A critical illness plan is a policy that pays the insured a lump sum following the diagnosis of an illness covered under the plan. Critical-illness plans often cover diseases like cancer, organ transplant, heart attack, stroke, renal failure, and paralysis, among others. There is no coverage if you’re diagnosed with a disease that isn’t on the specific list for your plan, and the list of covered illnesses varies from one plan to another.
There are many different critical illness plans available, with benefit amounts ranging from $5,000 to $200,000 or more. Premiums are based on the benefit amount and the age of the applicant. In the individual market, pre-existing conditions are not covered, and medical underwriting is used to determine an applicant’s eligibility for coverage. Critical illness plans are not regulated by the ACA and are not suitable to serve as a person’s only medical coverage.
In recent years, critical illness plans – sometimes called dread disease plans – have become increasingly popular as a voluntary benefit offered by employers, particularly to lessen the impact of switching to a higher deductible plan. Critical illness plans have also gained favor with individuals who buy them to supplement high-deductible individual market plans, but consumer advocates sometimes question whether the plans are worth the cost, and whether consumers are being fully informed about the coverage details prior to purchasing the policy.

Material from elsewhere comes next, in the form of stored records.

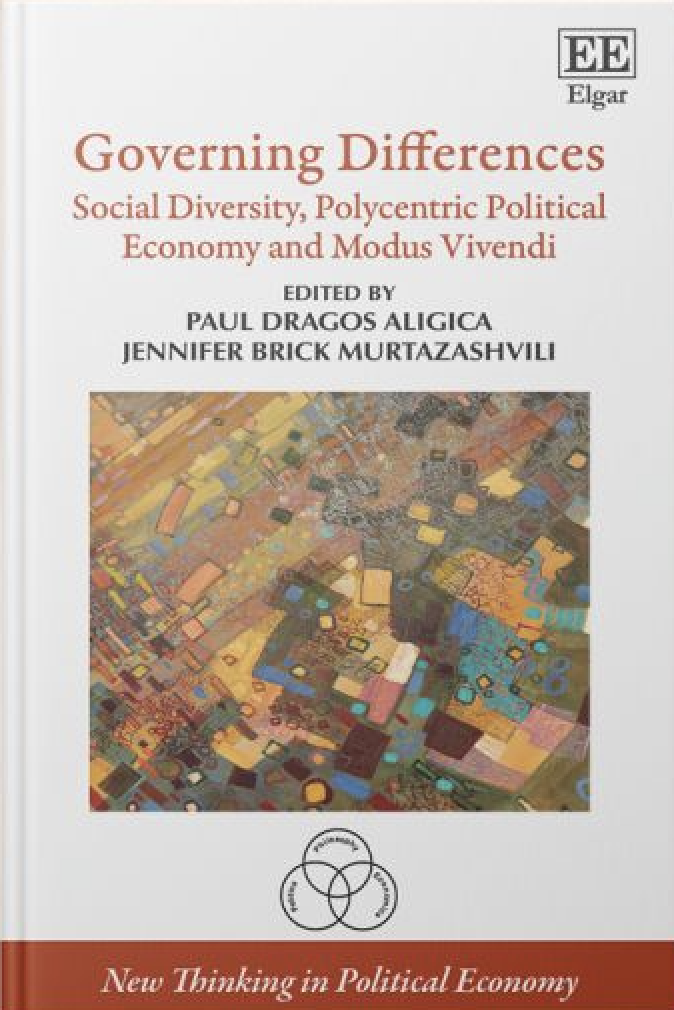 Governing Differences book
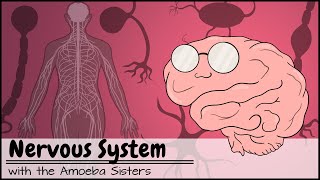 Nervous System [upl. by Otilia]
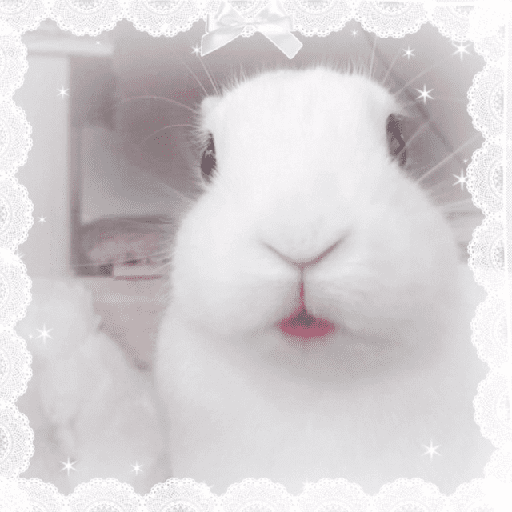 Conejitos  🎀 9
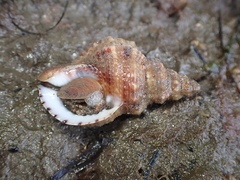 Austrotriton subdistortus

Does the marketplace offer critical illness plans?
Critical illness plans are not available through the state health insurance exchanges, and are considered an excepted benefit under the ACA. In that regard, they’re in the same category with some limited benefit plans, accident supplements, adult dental/vision plans, and short-term policies. Those types of plans are not regulated by the ACA, so they don’t provide the essential health benefits package, and can still use medical underwriting to deny applications based on medical history.
Under critical illness plans, benefits are paid directly to the patient if they are diagnosed with a coverable significant disease such as a stroke, heart attack, or cancer. There’s no coverage for medical conditions that aren’t specifically listed in the policy details, so critical illness plans are considered supplemental coverage, rather than comprehensive health insurance.

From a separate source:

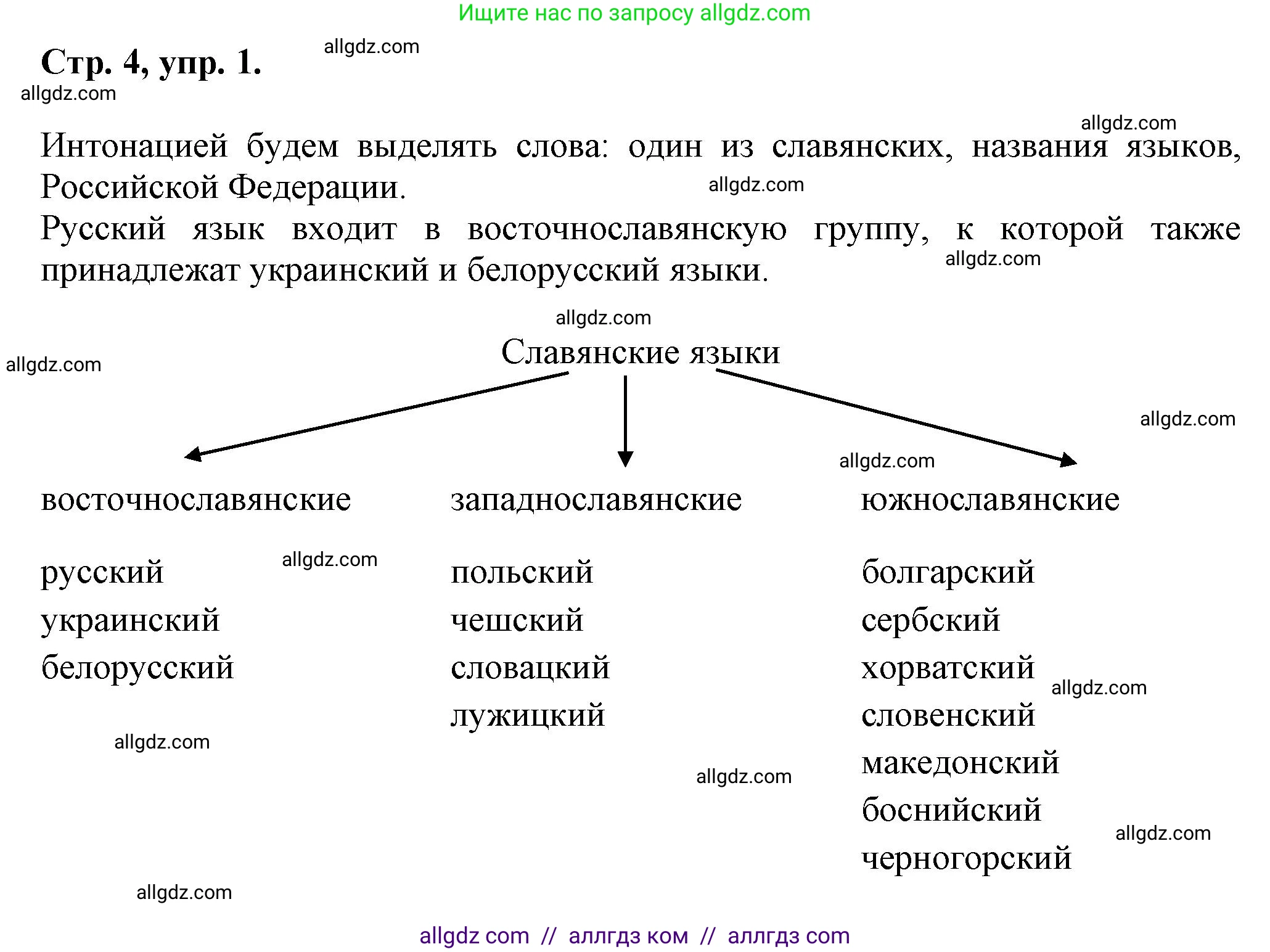 Русский язык, 7 класс Учебник, авторы: Баранов Михаил Трофимович, Ладыженская Таиса Алексеевна, Тростенцова Лидия Александровна, Ладыженская Наталия Вениаминовна, Александрова Ольга Макаровна, Дейкина Алевтина Дмитриевна, Антонова Любовь Геннадиевна, Григорян Лариса Трофимовна, Кулибаба Иван Иванович, издательство Просвещение, Москва, 2023, зелёного цвета, Часть 1, страница 4, номер 1, Решение 1 (2024-2027)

Because employers can offer critical illness coverage with no employer contribution, this is often an alternative sought by smaller businesses. Some smaller employers choose to offer only voluntary benefits, such a critical illness plans, since doing so provides their employees with something rather than nothing, and since small employers are not required to offer coverage under the ACA.
If your employer offers a critical illness plan, you’ll want to make sure that you’re not relying on it as your sole source of health coverage, as it will most definitely not be enough, and doing so would subject you to the ACA’s penalty for not having minimum essential coverage. You can purchase a health insurance plan through the exchange in this scenario, and pair it with the critical illness plan you get through your employer. You can still qualify for a subsidy in the exchange if the only employer-sponsored plan available to you is not considered minimum essential coverage (critical illness plans are not minimum essential coverage).
As long as you understand the details of your coverage and are using it to supplement a comprehensive health insurance plan, a critical illness plan might be a good fit for your needs. If you’re enrolled in a plan with a high out-of-pocket maximum, such as a Bronze level plan that covers an average of 60 percent of healthcare costs, a critical illness plan (and/or an accident supplement, depending on what worries you the most) might make you feel more comfortable with the out-of-pocket exposure on your plan.